Archive for January, 2007

Will the Braves Catch the Mets? Or, Time Series Analysis and the Pythagorean Wins Formula

January 30, 2007

As a Braves fan, I’m constantly having to remind myself that my team isn’t the reigning division champion (or the victim of a first-round playoff exit) going into the 2007 season. After many years of trying, the Mets finally caught us last season — only to see their hopes die at the hands of ex-Brave prospect Adam Wainwright. This author certainly appreciates the delicious irony in this, although it does not come close to making up for missing the playoffs.

A face Mets fans wish they'd never seen Still, the question remains — how much distance separates the Braves and the Mets this year? Based on their 2006 performance, the Mets were 18 games better, a seemingly-insurmountable gap. Since the end of the season, both teams have primarily treaded water; the Braves upgraded their bullpen with Mike Gonzalez and Rafael Soriano, while the Mets signed aging Atlanta-born slugger Moises Alou to shore up left field.

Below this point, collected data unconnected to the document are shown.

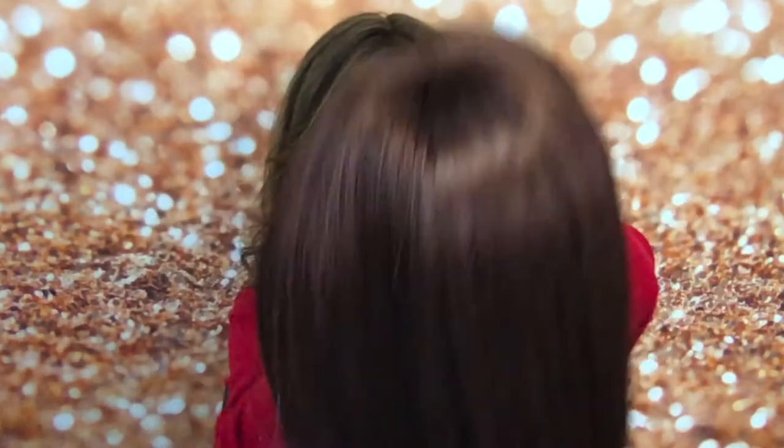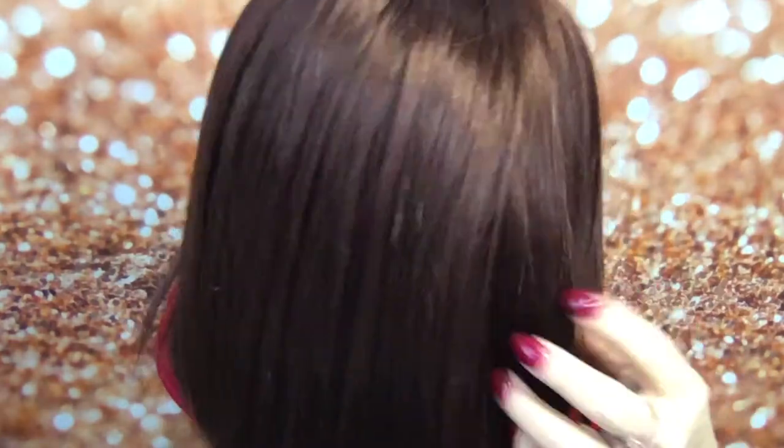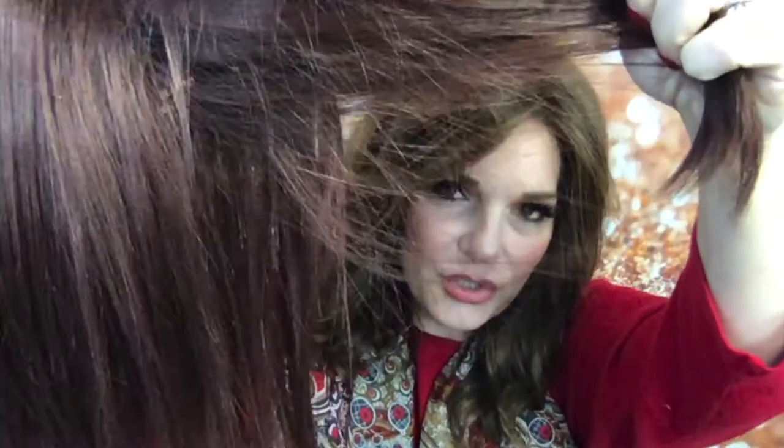Hi guys, welcome back to Wig Studio One. If you haven't checked us out, we have a private Facebook group under Wig Studio One Wig and Helper Support Group and we would love to have y'all there. Here she is in Mulberry Brown, described as a dark chocolate and dark auburn blend with a rusty auburn undertone.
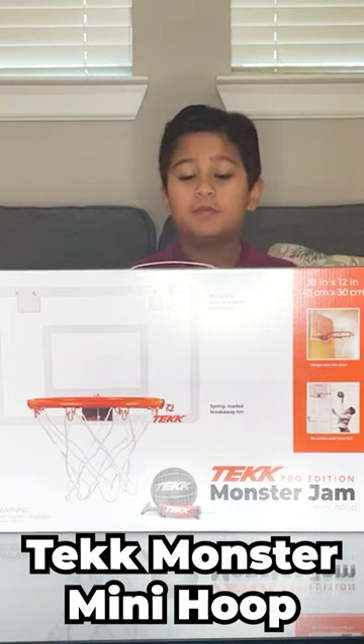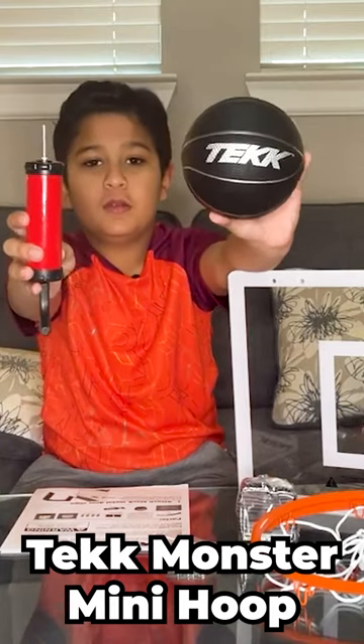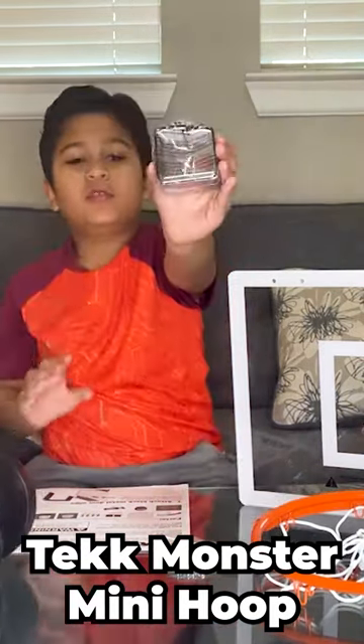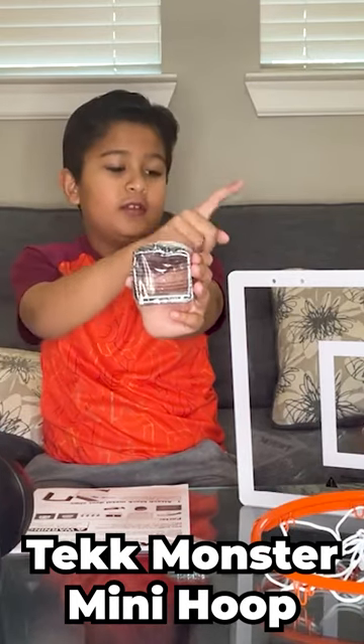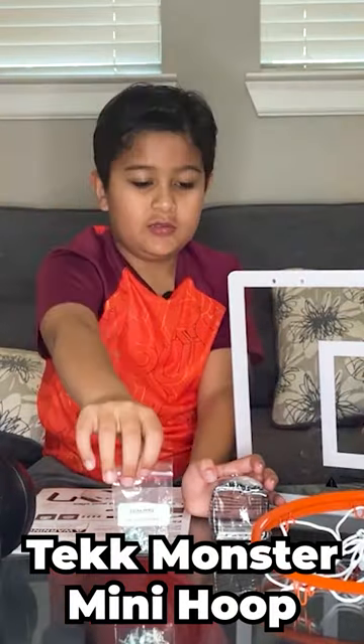Today we are unboxing the Tech Monster Jam Mini Hoop. There is a small basketball inside the box and a hoop. The hoop comes in separate parts so you have to assemble it yourself — just follow the few steps and you are good to go. It is really fun for kids to play with.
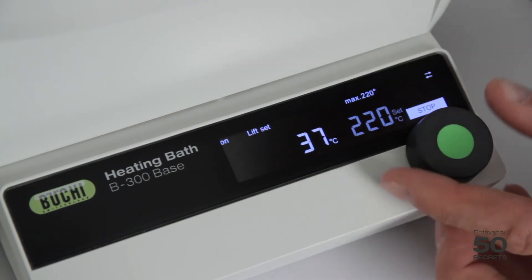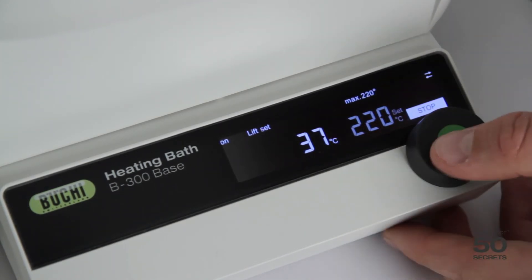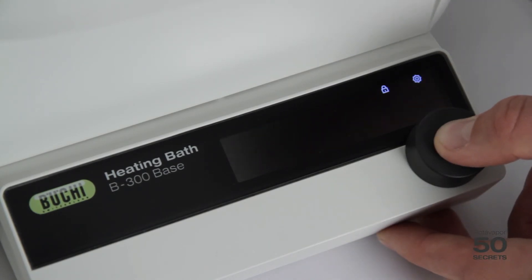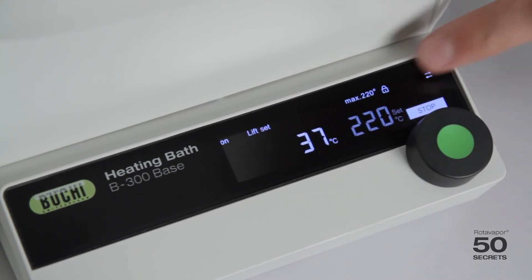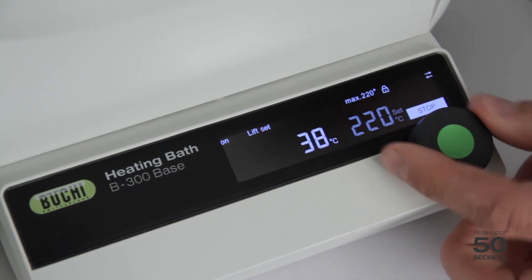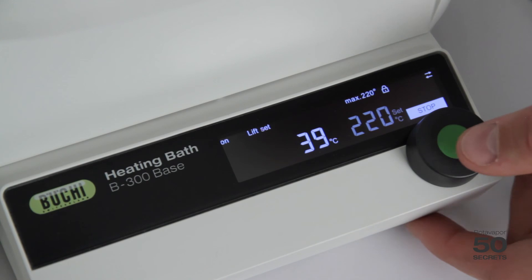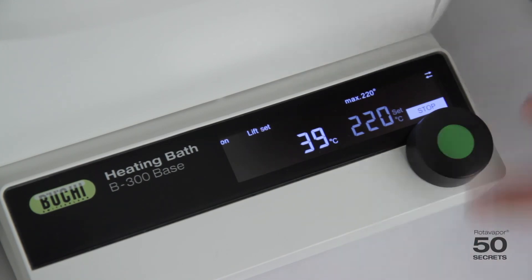If I would like to make sure no one can change the temperature by accident, I just do a long press. I can see the little lock icon, and I press again — now the temperature is locked and I cannot move it left or right. To unlock, I simply press it again and the lock disappears.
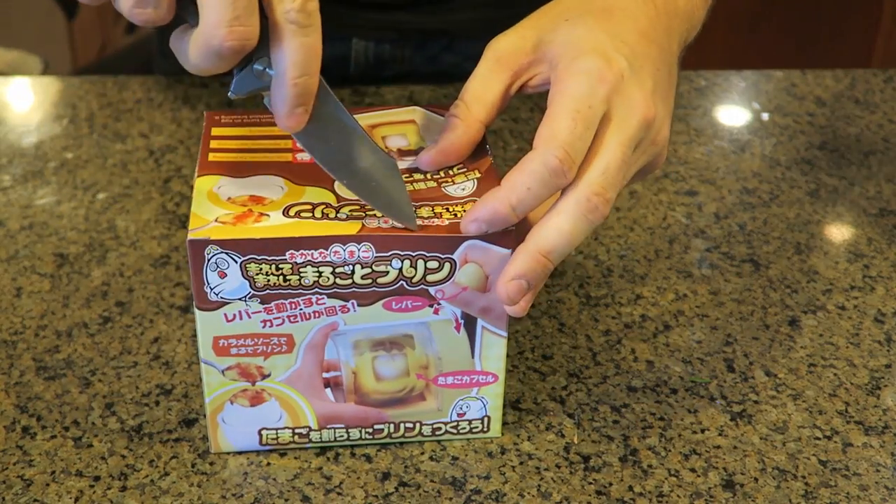For this gadget, it's straight from Japan - it makes scrambled boiled eggs. Sounds weird, doesn't it? Let's see how it works. We'll do a little unboxing over here.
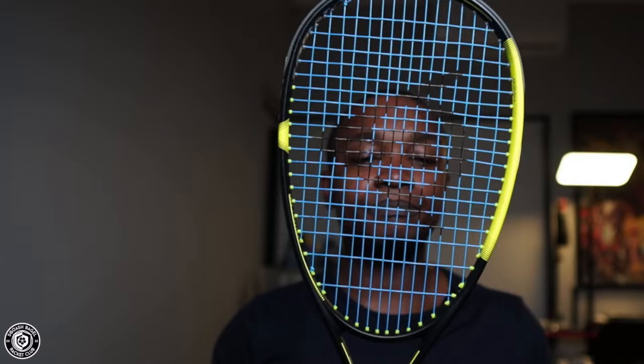To compensate for the high string density, they decided to have a larger head size, which makes sense because you want a racket that allows you to place the ball but also hit it with power. As the name suggests, the Ultimate 132 has a frame weight of 132 grams, but I measured it at 158 grams all in, including grip and string. Due to factory tolerances, that could differ — Squash Gear Review measured it closer to 156 grams. This racket has been customized in terms of string.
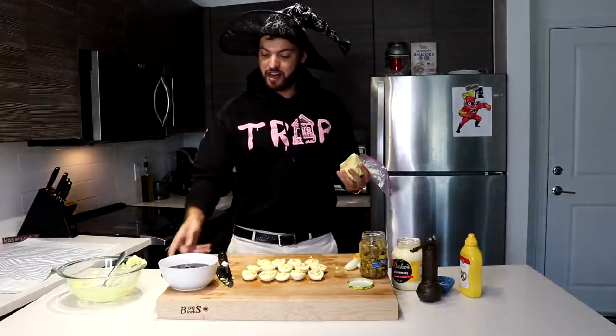So now my deviled eggs — honestly you could eat them just like that. But because these are spooky deviled eggs, I have some kalamata olives that I'm going to turn into spiders, and I'm going to show you just how I do that.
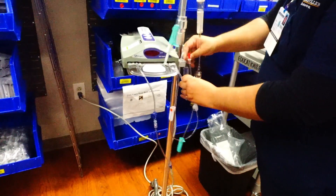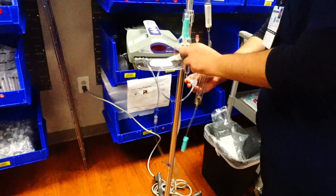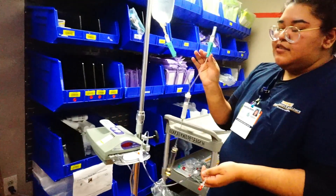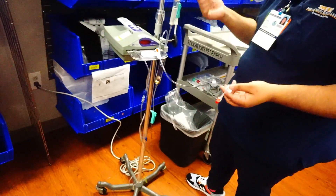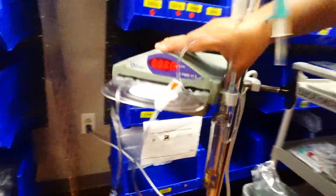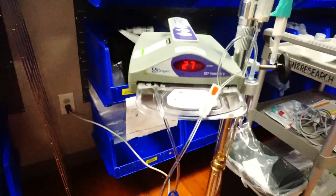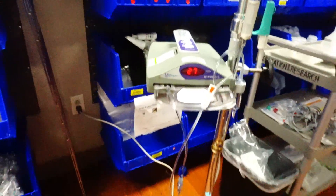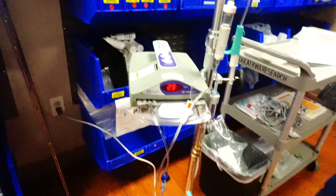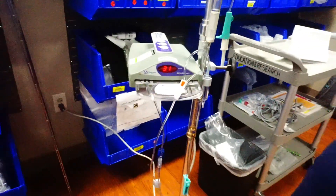Now we put the saline bag upside down in the chamber. Then all we do is connect our blood here — lock this end, connect the blood, and unlock. Then connect this to your patient and get your transfusion started. Last thing: make sure the machine is on. The on switch is on the side — just flip that. There's one setting: it goes to 41 degrees Celsius. The blood will be warmed as your patient receives it. Remember, tubing is good for two products or four hours. You can run it by gravity or pump it in if you're giving it very rapidly. And that's how you set up your blood warmer.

The best way to predict 2007 is to use a simulator that includes projected statistics and playing time for the rosters we expect all teams to use. However, that’s a huge pain, so I looked for a simpler way. Cheer up, Braves fans! The picture doesn’t seem as bleak anymore.

As I said before, the Braves were 18 games behind the Mets when the 2006 regular season came to a close. However, if we look at their Pythagorean records, the difference isn’t nearly as large.

Aside: a team’s Pythagorean record is based on a formula developed by Bill James, so named for the similarity in it he saw to Pythagoras’ method of calculating the length of the sides of right triangles. It uses the number of runs that a team both scores and allows to estimate how many games that team should have won. The formula makes sense: teams that on average outscore their opponents (as the Braves did in 2006) should win more than they lose. Sometimes this doesn’t happen; studies have shown that a poor bullpen (another feature of the 2006 Braves) is one of the main reasons why a team will win fewer games than James’ formula says they should.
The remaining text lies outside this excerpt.